Having It

In reply to my lovely wife’s plea…

Though this summer has not been the very best one of my life, I’m glad to have lived it, and looking forward to the fall and winter. During these last few golden sunny months, people I know have been diagnosed with cancer but are facing it with enormous strength and will and humor; have been burglarized and horribly sick but, again (what is it with our tough friends?), are dealing with it with laughter and fortitude; have faced unexpected surgery but – that’s right – have persevered.
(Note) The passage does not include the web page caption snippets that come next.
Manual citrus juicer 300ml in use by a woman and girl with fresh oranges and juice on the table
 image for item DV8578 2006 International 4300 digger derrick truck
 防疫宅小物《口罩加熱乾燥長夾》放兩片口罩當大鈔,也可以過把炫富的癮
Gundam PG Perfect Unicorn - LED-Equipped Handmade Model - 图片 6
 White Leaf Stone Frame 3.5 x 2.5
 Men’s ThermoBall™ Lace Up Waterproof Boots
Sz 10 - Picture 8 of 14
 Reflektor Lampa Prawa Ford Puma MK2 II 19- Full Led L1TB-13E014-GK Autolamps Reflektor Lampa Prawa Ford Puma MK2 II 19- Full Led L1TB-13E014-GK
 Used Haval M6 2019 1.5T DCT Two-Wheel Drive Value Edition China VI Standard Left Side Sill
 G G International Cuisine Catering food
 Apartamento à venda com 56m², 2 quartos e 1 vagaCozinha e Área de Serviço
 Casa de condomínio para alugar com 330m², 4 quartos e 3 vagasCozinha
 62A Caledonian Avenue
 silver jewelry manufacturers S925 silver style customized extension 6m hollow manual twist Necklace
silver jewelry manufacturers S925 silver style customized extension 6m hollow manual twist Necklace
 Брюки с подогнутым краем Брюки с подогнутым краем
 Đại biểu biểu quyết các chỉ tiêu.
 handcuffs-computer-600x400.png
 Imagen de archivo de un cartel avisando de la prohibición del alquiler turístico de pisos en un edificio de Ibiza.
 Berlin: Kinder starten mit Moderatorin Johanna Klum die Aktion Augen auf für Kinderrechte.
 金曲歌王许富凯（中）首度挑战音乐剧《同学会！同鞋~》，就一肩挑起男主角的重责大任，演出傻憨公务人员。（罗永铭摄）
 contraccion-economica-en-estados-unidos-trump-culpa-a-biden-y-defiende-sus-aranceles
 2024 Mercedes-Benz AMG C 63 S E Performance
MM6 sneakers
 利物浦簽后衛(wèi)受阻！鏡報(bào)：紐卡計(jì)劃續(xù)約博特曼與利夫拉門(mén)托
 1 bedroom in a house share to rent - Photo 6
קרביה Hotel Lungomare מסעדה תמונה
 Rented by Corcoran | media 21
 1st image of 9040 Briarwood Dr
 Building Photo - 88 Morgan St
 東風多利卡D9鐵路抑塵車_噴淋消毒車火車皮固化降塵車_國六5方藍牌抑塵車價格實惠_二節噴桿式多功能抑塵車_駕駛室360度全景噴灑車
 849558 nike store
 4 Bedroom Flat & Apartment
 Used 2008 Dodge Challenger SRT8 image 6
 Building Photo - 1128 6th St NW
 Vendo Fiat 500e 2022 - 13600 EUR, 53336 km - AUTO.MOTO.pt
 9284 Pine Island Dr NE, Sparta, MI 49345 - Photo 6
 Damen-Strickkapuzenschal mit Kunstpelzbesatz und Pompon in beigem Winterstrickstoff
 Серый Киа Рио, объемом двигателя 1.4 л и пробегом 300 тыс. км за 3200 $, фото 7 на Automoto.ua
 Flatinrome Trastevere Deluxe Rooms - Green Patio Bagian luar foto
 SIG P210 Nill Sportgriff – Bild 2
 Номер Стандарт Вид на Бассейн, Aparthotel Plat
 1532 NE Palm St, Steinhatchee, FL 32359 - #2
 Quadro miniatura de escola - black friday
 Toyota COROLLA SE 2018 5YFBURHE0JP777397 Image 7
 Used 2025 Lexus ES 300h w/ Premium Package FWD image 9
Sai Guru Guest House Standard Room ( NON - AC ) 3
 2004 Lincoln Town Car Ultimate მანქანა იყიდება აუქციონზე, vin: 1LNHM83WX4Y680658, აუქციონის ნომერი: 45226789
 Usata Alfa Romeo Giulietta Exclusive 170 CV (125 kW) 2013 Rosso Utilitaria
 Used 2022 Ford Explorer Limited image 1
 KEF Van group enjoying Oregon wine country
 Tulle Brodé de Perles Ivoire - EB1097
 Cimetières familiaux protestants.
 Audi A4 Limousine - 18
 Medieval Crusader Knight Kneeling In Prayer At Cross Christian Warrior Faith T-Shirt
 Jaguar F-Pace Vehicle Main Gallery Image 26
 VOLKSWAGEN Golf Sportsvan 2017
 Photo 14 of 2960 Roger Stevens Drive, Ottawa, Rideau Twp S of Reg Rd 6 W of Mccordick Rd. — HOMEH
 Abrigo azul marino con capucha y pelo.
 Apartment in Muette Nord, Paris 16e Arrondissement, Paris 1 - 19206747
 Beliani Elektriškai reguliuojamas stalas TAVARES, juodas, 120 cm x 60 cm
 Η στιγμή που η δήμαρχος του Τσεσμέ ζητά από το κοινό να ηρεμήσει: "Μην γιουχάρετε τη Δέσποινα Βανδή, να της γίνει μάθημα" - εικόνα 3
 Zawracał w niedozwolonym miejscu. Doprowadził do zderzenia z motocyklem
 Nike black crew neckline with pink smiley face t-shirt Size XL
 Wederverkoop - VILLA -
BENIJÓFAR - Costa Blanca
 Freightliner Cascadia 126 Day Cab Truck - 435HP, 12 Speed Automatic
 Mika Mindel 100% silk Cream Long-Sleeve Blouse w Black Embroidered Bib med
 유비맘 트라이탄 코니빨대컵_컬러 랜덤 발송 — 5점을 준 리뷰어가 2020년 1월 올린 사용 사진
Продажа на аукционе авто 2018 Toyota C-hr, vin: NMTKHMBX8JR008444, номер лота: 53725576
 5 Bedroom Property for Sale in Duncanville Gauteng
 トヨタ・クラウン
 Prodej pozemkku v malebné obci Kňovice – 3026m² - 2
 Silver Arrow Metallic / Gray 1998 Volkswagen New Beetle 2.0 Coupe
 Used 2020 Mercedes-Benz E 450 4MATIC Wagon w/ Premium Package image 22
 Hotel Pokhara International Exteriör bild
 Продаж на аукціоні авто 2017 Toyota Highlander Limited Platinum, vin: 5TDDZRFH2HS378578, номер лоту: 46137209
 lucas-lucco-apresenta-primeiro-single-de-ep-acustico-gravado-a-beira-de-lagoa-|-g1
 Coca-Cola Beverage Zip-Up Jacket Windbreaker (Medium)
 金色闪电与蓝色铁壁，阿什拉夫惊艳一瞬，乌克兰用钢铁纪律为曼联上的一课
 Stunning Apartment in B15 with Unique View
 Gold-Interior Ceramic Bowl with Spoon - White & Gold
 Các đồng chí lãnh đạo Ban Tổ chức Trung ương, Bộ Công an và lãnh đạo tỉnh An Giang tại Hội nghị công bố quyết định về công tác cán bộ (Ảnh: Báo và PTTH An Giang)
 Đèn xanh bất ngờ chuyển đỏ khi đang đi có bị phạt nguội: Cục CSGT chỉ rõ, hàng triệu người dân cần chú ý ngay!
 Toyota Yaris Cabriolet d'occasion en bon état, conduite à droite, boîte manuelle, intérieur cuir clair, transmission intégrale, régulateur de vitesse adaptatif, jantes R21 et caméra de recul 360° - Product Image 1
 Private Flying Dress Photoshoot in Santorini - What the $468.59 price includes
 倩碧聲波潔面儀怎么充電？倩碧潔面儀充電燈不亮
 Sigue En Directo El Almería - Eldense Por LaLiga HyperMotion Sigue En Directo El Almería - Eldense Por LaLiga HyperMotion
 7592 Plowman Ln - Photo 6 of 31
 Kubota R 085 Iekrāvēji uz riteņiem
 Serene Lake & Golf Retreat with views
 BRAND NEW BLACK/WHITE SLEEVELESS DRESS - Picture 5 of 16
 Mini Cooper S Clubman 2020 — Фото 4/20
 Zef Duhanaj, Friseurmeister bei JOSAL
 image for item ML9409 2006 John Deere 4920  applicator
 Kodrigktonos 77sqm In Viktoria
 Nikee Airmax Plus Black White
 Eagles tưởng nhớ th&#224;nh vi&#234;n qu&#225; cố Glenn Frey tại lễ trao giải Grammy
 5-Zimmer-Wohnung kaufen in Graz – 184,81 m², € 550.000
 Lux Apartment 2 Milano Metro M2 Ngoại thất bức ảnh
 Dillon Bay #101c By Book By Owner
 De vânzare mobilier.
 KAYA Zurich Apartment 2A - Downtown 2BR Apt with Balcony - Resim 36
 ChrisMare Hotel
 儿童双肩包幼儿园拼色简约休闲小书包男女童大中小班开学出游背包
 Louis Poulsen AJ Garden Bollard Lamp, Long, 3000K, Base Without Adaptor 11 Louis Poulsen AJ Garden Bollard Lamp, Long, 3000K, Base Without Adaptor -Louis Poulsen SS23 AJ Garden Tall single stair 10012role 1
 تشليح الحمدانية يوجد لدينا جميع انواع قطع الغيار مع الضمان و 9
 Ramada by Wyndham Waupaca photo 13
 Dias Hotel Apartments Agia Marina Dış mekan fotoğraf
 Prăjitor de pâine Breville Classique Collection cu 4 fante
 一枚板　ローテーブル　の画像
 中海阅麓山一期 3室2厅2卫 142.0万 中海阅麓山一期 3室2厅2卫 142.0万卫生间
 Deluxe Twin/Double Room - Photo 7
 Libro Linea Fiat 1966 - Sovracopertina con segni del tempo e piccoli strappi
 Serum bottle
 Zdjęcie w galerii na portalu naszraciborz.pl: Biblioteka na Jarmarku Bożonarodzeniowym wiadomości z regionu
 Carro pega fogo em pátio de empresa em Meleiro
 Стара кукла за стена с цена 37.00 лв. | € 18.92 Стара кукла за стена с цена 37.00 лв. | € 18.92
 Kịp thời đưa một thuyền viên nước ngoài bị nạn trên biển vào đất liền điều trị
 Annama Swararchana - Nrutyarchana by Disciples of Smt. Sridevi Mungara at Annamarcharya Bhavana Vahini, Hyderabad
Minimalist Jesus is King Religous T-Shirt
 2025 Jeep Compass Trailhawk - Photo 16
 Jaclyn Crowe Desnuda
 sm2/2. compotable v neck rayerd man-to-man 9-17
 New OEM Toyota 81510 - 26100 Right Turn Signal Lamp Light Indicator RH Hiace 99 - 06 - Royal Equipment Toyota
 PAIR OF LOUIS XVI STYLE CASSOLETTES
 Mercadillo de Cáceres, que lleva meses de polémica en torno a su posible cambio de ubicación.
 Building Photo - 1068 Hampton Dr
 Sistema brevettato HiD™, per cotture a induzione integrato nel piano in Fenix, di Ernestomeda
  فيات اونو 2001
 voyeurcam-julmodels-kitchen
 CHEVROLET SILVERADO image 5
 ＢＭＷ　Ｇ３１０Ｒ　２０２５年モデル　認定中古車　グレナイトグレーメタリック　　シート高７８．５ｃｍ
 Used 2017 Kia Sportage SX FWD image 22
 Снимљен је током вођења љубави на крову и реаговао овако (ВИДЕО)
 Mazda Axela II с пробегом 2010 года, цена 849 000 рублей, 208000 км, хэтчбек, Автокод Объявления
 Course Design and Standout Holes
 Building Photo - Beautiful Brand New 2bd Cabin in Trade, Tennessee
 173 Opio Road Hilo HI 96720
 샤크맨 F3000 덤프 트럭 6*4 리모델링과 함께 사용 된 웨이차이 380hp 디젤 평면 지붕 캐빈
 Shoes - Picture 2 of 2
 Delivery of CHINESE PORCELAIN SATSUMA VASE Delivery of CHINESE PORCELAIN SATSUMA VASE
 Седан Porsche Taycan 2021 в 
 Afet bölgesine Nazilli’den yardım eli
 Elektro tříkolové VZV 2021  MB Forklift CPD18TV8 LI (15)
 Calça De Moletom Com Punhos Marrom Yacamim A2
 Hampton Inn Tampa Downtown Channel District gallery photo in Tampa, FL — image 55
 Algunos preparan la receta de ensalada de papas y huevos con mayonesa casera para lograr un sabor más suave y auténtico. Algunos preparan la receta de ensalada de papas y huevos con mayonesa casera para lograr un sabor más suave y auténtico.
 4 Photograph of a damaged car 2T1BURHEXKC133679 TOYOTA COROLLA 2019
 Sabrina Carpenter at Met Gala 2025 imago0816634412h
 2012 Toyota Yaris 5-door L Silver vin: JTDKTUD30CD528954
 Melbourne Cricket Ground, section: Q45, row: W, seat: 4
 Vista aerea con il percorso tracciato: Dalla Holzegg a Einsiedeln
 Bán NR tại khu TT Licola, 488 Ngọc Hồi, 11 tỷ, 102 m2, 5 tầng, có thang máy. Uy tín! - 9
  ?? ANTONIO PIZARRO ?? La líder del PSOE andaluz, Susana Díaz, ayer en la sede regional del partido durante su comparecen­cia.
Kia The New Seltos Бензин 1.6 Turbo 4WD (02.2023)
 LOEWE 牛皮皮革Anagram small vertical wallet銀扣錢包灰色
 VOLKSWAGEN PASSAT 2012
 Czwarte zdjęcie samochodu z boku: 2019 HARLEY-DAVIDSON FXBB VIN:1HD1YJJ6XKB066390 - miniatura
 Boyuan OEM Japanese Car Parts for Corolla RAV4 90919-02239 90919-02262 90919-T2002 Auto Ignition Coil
Sure, China spent billions of dollars on facilities that were used for 14 days of sports competition, in a city where babies die every day in poverty, but great powers have always done stupid things to impress each other, and at least this one didn’t involve killing anyone. Gas and grocery prices have increased astronomically, and while they’re not coming down much, they have generated – I think – some real thinking about how to get America out of our terrible growth-at-all-costs morass. The health care crisis in this country continues to spiral out of control, and might spell doom for my children’s generation (truly, even for my own) if it goes unchecked – but, again, there finally seems to be a modicum of political will to figure out some way to provide here what every other citizen of an advanced society already has.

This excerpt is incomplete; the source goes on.